PT Trimegah Bangun Persada (TBH), bagian dari holding Harita Group, berencana meningkatkan kapasitas pabrik pengolahan dan pemurnian (smelter) bijih nikel limonit dengan membangun smelter baru di Pulau Obi, Halmahera Selatan.
Pabrik pengolahan tersebut sedang dalam tahap konstruksi dan ditargetkan beroperasi pada kuartal II 2024. Lokasi smelter tersebut berdekatan dengan smelter eksisting yang telah aktif sejak 2021.
Direktur TBH Utara, Roy Arfandy mengatakan, pengadaan kilang volume II ini merupakan proyek kerjasama dengan perusahaan China. Perseroan juga akan melakukan initial public offering (IPO) pada April tahun ini untuk menarik tambahan modal.
“Karena kami membutuhkan dana untuk menyelesaikan proyek ini sesuai jadwal. Kalau tidak cukup, kami juga akan meminjam ke bank. Besaran IPO belum bisa kami jelaskan,” kata Roy dalam diskusi Peningkatan Kapasitas Media di Bidang Pertambangan di Hotel Ashley, Jakarta pada Rabu (8/3).
Roy menambahkan, pabrik tersebut akan mengolah bijih nikel kadar rendah yaitu 0,8-1,5% menjadi campuran padat hidroksida dari nikel dan kobalt atau Mixed Hydroxide Precipitation (MHP) melalui teknologi High Pressure Acid Leaching atau hidrometalurgi HPAL.
Produk ini merupakan bahan baku utama untuk produksi nikel sulfat atau kobalt sulfat. Kedua produk antara tersebut merupakan bahan baku komponen baterai.
Ekspansi perseroan disebut akan menambah kapasitas produksi bijih nikel limonit menjadi 120 ribu ton per tahun dari kapasitas saat ini 60 ribu ton dari input 6 juta ton limonit.
Roy mengatakan produksi MHP serta nikel sulfat dan kobalt sulfat masih menyasar pasar ekspor, karena belum ada industri penyerap atau pabrik pengolahan prekursor lanjutan di dalam negeri. Prekursor adalah produk hilir yang dihasilkan dari campuran nikel sulfat, kobalt sulfat, dan mangan.

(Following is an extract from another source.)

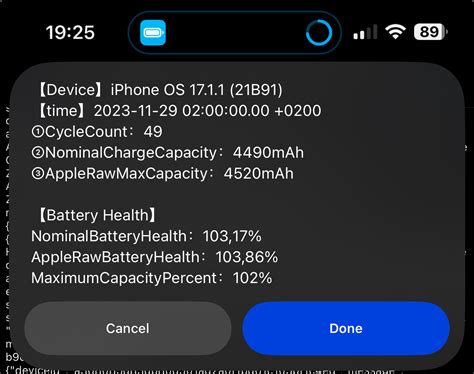 iPhone 15 Pro Max has the worst battery degraded? | MacRumors Forums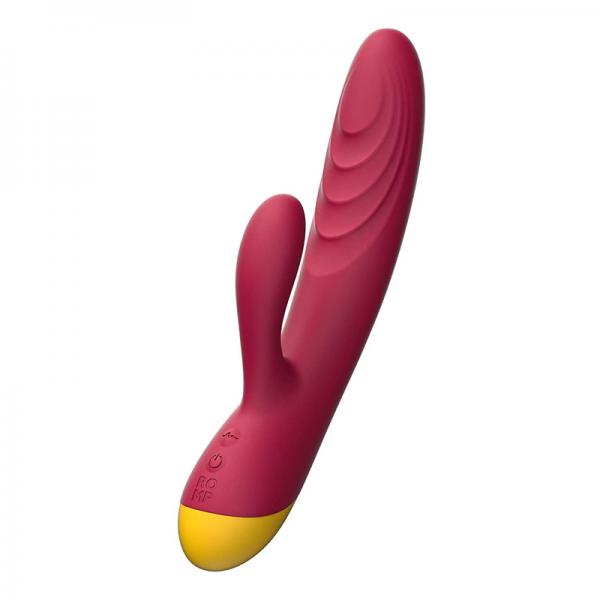 Romp Jazz Berry - Vibrators - www.Coyha.com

“Pabrik prekursor di dunia sebagian besar ada di China, jadi suka atau tidak suka, ujung-ujungnya kita ekspor nikel sulfat dan produksi kobalt sulfat,” kata Roy.
Di tengah tren pertumbuhan populasi kendaraan listrik, Roy mengatakan perseroan masih fokus pada produksi komoditas PLTMH, nikel sulfat dan kobalt sulfat. Perusahaan tidak memiliki rencana lebih lanjut untuk membangun pabrik produksi prekursor.
“Prekursor ini merupakan komponen untuk industri otomotif, terus terang kami tidak memiliki keahlian dan pengalaman di bidang prekursor. Karena teknologi ini sangat berbeda dengan teknologi pengembangan PLTMH,” kata Roy.
Sebelumnya, Kementerian ESDM menggunakan tarif royalti untuk bijih nikel atau limonit kadar rendah sebesar 2% dari harga pasar. Tarif tersebut jauh lebih rendah dibandingkan bijih nikel saprolit bermutu tinggi yang umumnya diolah menjadi feronikel sebagai bahan baku besi dan stainless steel.
Ini merupakan salah satu dari beberapa insentif di sektor hulu yang berorientasi pada pembuatan pabrik dan industri baterai listrik. Meskipun demikian, insentif royalti belum berdampak signifikan terhadap pembangunan pabrik bahan baku produksi baterai.
Staf Khusus Menteri ESDM Percepatan Pembangunan Industri Sektor ESDM, Agus Tjahjana mengatakan, bijih nikel limonit kadar rendah 0,8-1,5% merupakan bahan baku utama untuk memproduksi nikel sulfat atau kobalt sulfat. Kedua produk antara tersebut merupakan bahan baku komponen baterai.
Ketentuan mengenai tarif wajib Penerimaan Negara Bukan Pajak (PNBP) diatur dalam Peraturan Pemerintah (PP) Nomor 26 Tahun 2022 tentang Jenis Tarif Penerimaan Negara Bukan Pajak yang Berlaku pada Kementerian Energi dan Sumber Daya Mineral.
“Akibat mahalnya biaya pembuatan aki, murahnya bahan baku aki untuk pabrik,” kata Agus saat ditemui di Kantor Kementerian ESDM, Selasa (7/3).